■ **ACTIVITY**:
Your job is to transcribe the material exactly. Keep every line.

■ **DATA LISTING**:
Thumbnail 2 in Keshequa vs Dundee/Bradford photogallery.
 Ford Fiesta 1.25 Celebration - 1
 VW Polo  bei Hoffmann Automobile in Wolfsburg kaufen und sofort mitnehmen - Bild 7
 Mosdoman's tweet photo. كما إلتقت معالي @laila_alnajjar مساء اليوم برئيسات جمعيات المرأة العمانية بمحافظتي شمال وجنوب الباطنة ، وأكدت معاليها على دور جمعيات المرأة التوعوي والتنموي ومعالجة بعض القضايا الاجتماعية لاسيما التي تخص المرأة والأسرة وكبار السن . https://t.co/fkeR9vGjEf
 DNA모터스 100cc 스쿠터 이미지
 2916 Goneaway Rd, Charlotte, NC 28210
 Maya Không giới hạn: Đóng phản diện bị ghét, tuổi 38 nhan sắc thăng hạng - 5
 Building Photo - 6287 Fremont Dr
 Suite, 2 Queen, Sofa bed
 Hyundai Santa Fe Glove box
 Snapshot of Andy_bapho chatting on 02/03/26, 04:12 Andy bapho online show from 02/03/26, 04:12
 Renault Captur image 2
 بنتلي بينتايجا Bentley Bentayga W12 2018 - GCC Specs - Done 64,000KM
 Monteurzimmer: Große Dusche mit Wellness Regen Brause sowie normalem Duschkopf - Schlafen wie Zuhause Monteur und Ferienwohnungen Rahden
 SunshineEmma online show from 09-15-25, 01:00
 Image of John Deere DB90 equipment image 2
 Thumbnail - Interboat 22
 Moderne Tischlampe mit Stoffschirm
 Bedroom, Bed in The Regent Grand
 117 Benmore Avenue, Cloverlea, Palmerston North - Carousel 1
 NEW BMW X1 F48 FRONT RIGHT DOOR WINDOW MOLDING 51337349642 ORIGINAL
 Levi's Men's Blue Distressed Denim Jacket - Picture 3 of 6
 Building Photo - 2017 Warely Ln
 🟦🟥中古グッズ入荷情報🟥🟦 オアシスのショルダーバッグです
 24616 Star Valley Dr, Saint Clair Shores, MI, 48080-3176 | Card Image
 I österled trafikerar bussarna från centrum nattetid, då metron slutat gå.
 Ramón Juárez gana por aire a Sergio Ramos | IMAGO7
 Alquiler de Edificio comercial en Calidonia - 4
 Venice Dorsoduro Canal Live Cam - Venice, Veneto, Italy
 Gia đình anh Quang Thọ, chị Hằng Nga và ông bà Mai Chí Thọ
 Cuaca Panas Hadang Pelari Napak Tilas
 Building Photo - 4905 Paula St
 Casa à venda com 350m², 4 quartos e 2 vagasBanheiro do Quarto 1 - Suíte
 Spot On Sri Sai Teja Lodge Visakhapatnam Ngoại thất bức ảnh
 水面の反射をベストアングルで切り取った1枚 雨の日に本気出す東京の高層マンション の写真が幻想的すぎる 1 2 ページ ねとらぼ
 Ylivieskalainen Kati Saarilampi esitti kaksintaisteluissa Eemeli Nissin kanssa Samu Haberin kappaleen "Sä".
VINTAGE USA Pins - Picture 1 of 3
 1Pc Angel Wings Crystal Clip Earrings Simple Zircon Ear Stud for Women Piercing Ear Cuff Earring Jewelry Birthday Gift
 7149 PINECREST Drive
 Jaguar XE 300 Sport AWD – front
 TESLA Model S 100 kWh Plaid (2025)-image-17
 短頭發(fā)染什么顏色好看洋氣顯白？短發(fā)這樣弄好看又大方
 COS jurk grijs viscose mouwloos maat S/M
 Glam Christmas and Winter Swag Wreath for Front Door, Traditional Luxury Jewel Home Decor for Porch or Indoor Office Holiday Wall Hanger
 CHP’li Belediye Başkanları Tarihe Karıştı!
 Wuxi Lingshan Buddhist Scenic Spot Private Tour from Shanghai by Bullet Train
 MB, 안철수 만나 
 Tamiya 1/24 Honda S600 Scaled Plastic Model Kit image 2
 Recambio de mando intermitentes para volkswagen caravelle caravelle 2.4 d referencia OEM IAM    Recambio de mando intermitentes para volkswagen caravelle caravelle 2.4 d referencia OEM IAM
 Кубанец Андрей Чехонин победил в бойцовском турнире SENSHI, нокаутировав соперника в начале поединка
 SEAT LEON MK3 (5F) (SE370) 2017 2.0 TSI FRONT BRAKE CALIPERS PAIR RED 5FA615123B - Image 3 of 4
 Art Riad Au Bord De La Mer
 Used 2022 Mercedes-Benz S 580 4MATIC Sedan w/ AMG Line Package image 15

■ **THE COMPLETED TASK**:
Thumbnail 2 in Keshequa vs Dundee/Bradford photogallery.
 Ford Fiesta 1.25 Celebration - 1
 VW Polo  bei Hoffmann Automobile in Wolfsburg kaufen und sofort mitnehmen - Bild 7
 Mosdoman's tweet photo. كما إلتقت معالي @laila_alnajjar مساء اليوم برئيسات جمعيات المرأة العمانية بمحافظتي شمال وجنوب الباطنة ، وأكدت معاليها على دور جمعيات المرأة التوعوي والتنموي ومعالجة بعض القضايا الاجتماعية لاسيما التي تخص المرأة والأسرة وكبار السن . https://t.co/fkeR9vGjEf
 DNA모터스 100cc 스쿠터 이미지
 2916 Goneaway Rd, Charlotte, NC 28210
 Maya Không giới hạn: Đóng phản diện bị ghét, tuổi 38 nhan sắc thăng hạng - 5
 Building Photo - 6287 Fremont Dr
 Suite, 2 Queen, Sofa bed
 Hyundai Santa Fe Glove box
 Snapshot of Andy_bapho chatting on 02/03/26, 04:12 Andy bapho online show from 02/03/26, 04:12
 Renault Captur image 2
 بنتلي بينتايجا Bentley Bentayga W12 2018 - GCC Specs - Done 64,000KM
 Monteurzimmer: Große Dusche mit Wellness Regen Brause sowie normalem Duschkopf - Schlafen wie Zuhause Monteur und Ferienwohnungen Rahden
 SunshineEmma online show from 09-15-25, 01:00
 Image of John Deere DB90 equipment image 2
 Thumbnail - Interboat 22
 Moderne Tischlampe mit Stoffschirm
 Bedroom, Bed in The Regent Grand
 117 Benmore Avenue, Cloverlea, Palmerston North - Carousel 1
 NEW BMW X1 F48 FRONT RIGHT DOOR WINDOW MOLDING 51337349642 ORIGINAL
 Levi's Men's Blue Distressed Denim Jacket - Picture 3 of 6
 Building Photo - 2017 Warely Ln
 🟦🟥中古グッズ入荷情報🟥🟦 オアシスのショルダーバッグです
 24616 Star Valley Dr, Saint Clair Shores, MI, 48080-3176 | Card Image
 I österled trafikerar bussarna från centrum nattetid, då metron slutat gå.
 Ramón Juárez gana por aire a Sergio Ramos | IMAGO7
 Alquiler de Edificio comercial en Calidonia - 4
 Venice Dorsoduro Canal Live Cam - Venice, Veneto, Italy
 Gia đình anh Quang Thọ, chị Hằng Nga và ông bà Mai Chí Thọ
 Cuaca Panas Hadang Pelari Napak Tilas
 Building Photo - 4905 Paula St
 Casa à venda com 350m², 4 quartos e 2 vagasBanheiro do Quarto 1 - Suíte
 Spot On Sri Sai Teja Lodge Visakhapatnam Ngoại thất bức ảnh
 水面の反射をベストアングルで切り取った1枚 雨の日に本気出す東京の高層マンション の写真が幻想的すぎる 1 2 ページ ねとらぼ
 Ylivieskalainen Kati Saarilampi esitti kaksintaisteluissa Eemeli Nissin kanssa Samu Haberin kappaleen "Sä".
VINTAGE USA Pins - Picture 1 of 3
 1Pc Angel Wings Crystal Clip Earrings Simple Zircon Ear Stud for Women Piercing Ear Cuff Earring Jewelry Birthday Gift
 7149 PINECREST Drive
 Jaguar XE 300 Sport AWD – front
 TESLA Model S 100 kWh Plaid (2025)-image-17
 短頭發(fā)染什么顏色好看洋氣顯白？短發(fā)這樣弄好看又大方
 COS jurk grijs viscose mouwloos maat S/M
 Glam Christmas and Winter Swag Wreath for Front Door, Traditional Luxury Jewel Home Decor for Porch or Indoor Office Holiday Wall Hanger
 CHP’li Belediye Başkanları Tarihe Karıştı!
 Wuxi Lingshan Buddhist Scenic Spot Private Tour from Shanghai by Bullet Train
 MB, 안철수 만나 
 Tamiya 1/24 Honda S600 Scaled Plastic Model Kit image 2
 Recambio de mando intermitentes para volkswagen caravelle caravelle 2.4 d referencia OEM IAM    Recambio de mando intermitentes para volkswagen caravelle caravelle 2.4 d referencia OEM IAM
 Кубанец Андрей Чехонин победил в бойцовском турнире SENSHI, нокаутировав соперника в начале поединка
 SEAT LEON MK3 (5F) (SE370) 2017 2.0 TSI FRONT BRAKE CALIPERS PAIR RED 5FA615123B - Image 3 of 4
 Art Riad Au Bord De La Mer
 Used 2022 Mercedes-Benz S 580 4MATIC Sedan w/ AMG Line Package image 15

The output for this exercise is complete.